Jo também demonstra uma forte opinião em relação ao preconceito de gênero que existe nas premiações de literatura e mais.
Leia a entrevista na íntegra, completamente traduzida, abaixo. Veja o resto da revista na edição gratuita online.
Qual(is) foi(ram) seu livro(s) predileto(s) na infância?

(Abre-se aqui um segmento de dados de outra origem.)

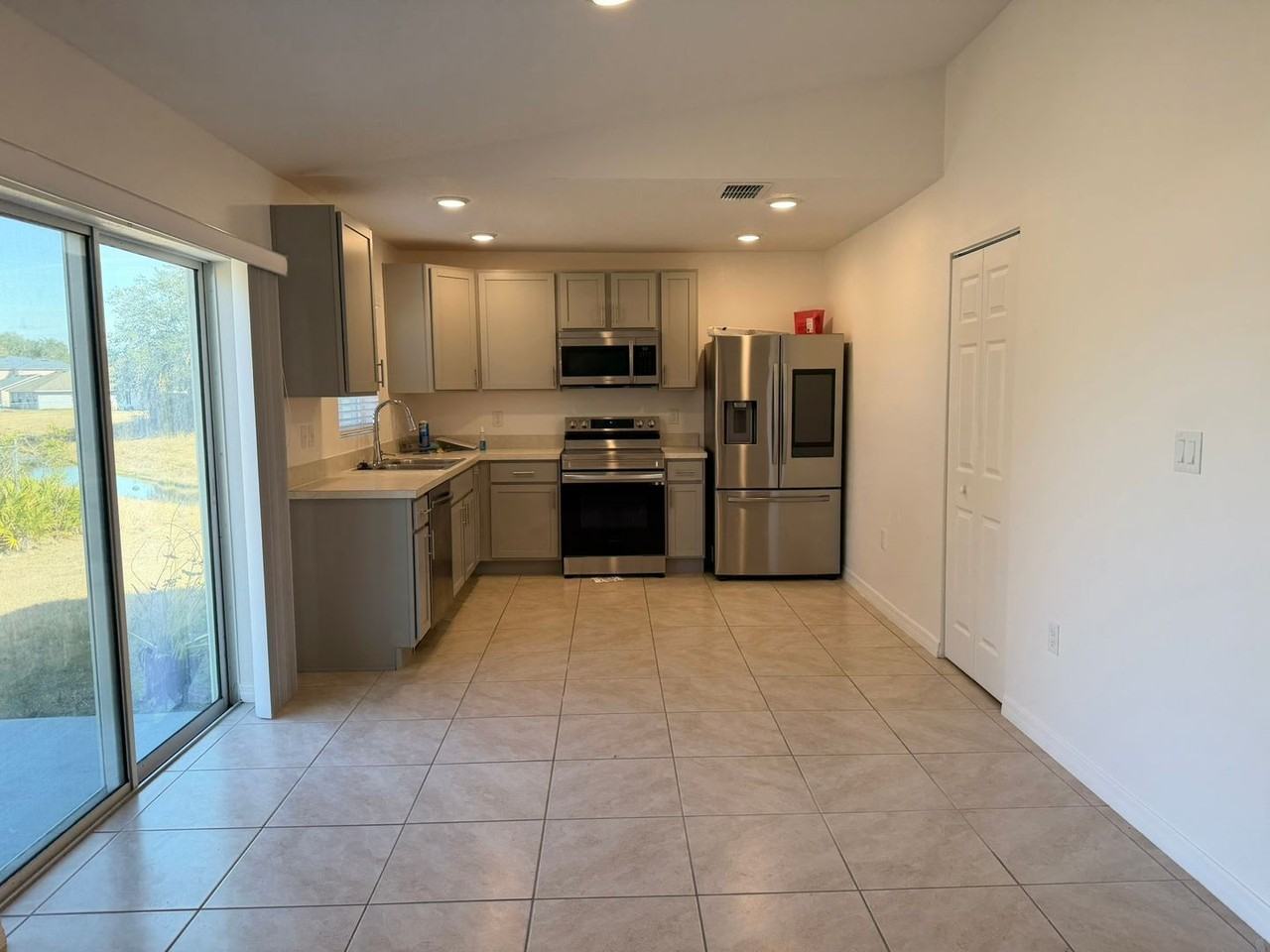 225 Dogfish Ln - Photo 3 of 10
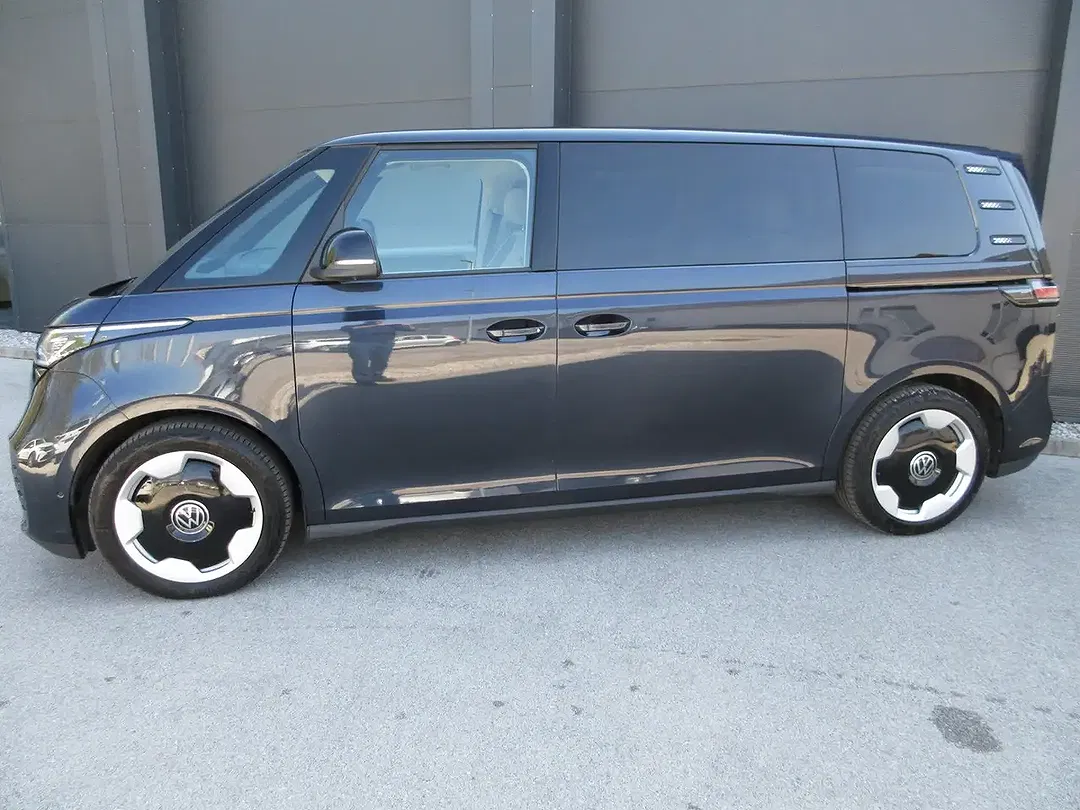 Volkswagen ID. Buzz Pro - Thumbnail 4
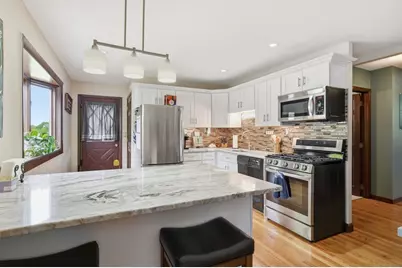 310 W Allen Ridge Rd, Springfield, MA 01118 - Photo 7
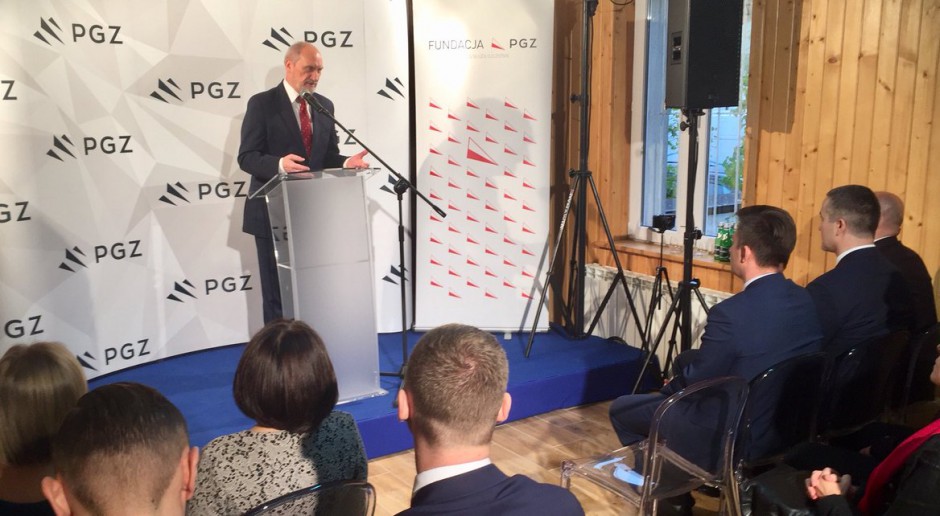 Antoni Macierewicz w czasie inauguracji działalności Fundacji Polskiej Grupy Zbrojeniowej, źródło: MON/twitter.com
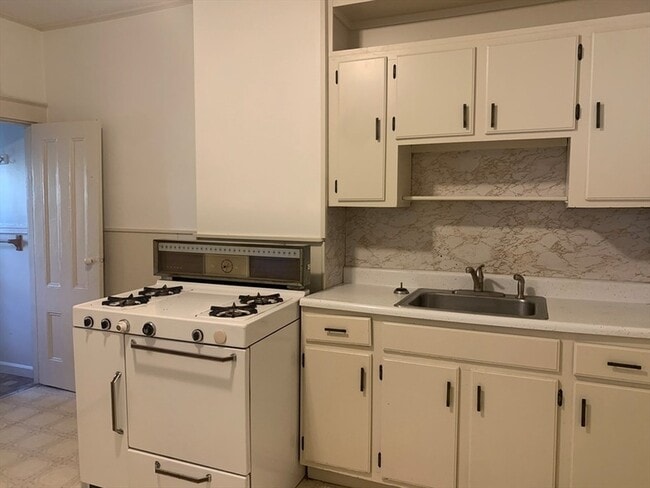 Photo - 107 Rutherford Ave Unit 1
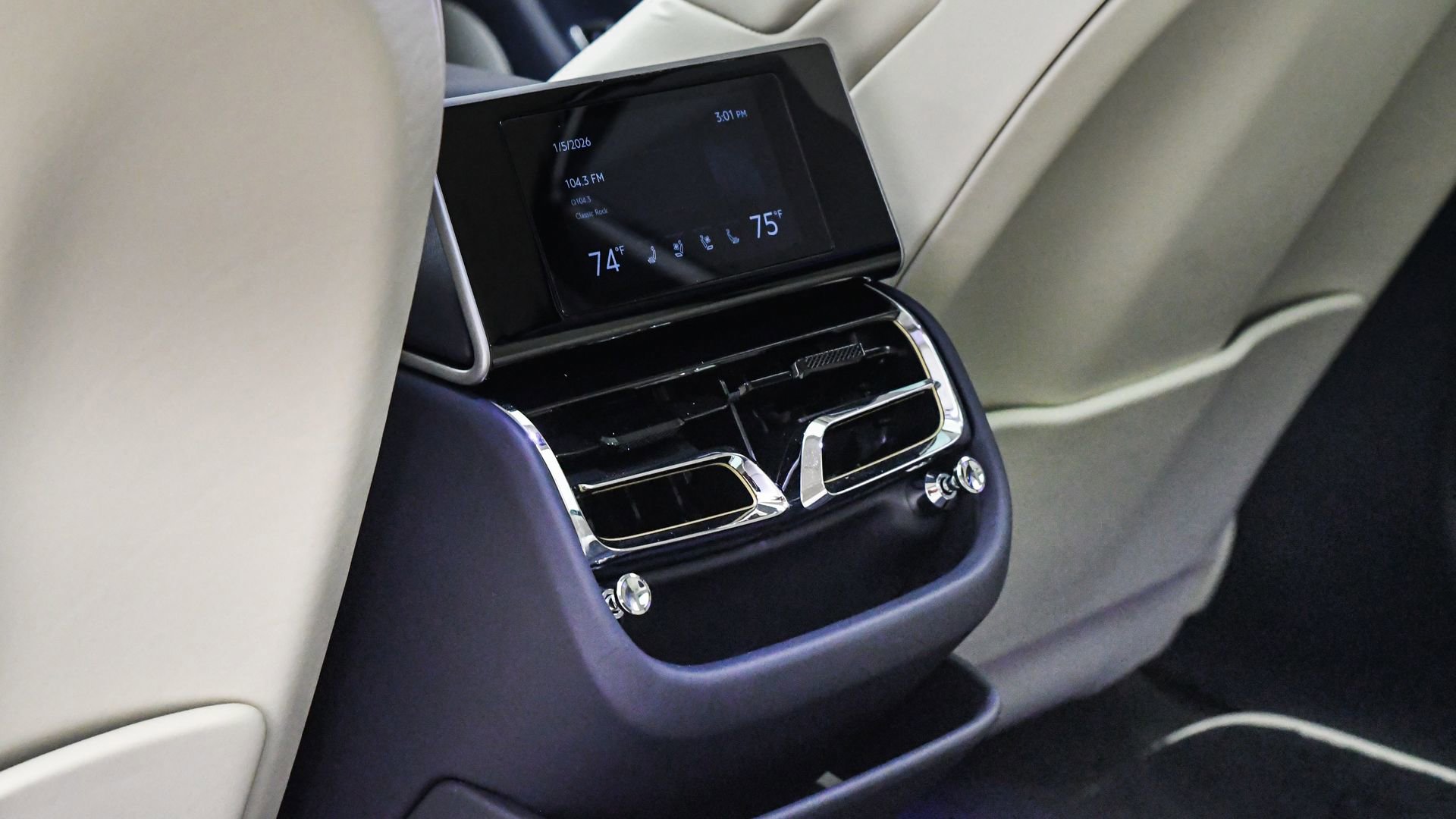 Certified 2024 Bentley Flying Spur Mulliner image 50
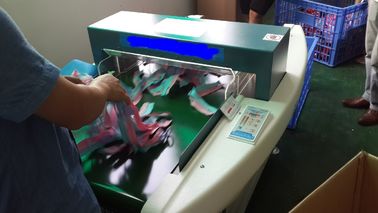 มืออาชีพในอุตสาหกรรมสิ่งทอเครื่องตรวจจับโลหะเข็มหักสำหรับเสื้อผ้าสิ่งทอและของเล่น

"O Segredo do Vale da Lua", de Elizabeth Goudge. O tom é perfeito: uma mistura descosturada de conto de fada e realidade. Também há uma heroína simples, que me encantou quando criança de uma maneira que não consigo expressar com palavras, pois fui uma criancinha muito comum e eu não havia conhecido tantas heroínas literárias que eram maravilhosas de suspirar. Os parágrafos introdutórios de "O Segredo do Vale da Lua" ficaram comigo por toda minha vida. Goudge diz que existem três tipos de pessoas neste mundo: aquelas que acham consolo na comida, aquelas que acham consolo na literatura e aquelas que encontram consolo em sua própria beleza exterior. Sei que li "Little Women" (sem tradução brasileira) aos oito anos, pois nos mudamos pouco depois, quando fiz nove anos. Naturalmente, me identifiquei completamente com Jo March, ela, de ambição literária pulsante e de pavio curto. Minha mãe tinha tudo que Georgette Heyer escreveu, então passei por eles, também, quando virei pré-adolescente, até que FINALMENTE encontrei uma heroína simples lá, também (Phoebe, de "Sylvester", que também - aê! - virou escritora). Basicamente, vivi para os livros, e era sustentada por personagens literários com os quais me identificava - era das mais comuns traça de livro, e ainda era sardenta e usava óculos baratos.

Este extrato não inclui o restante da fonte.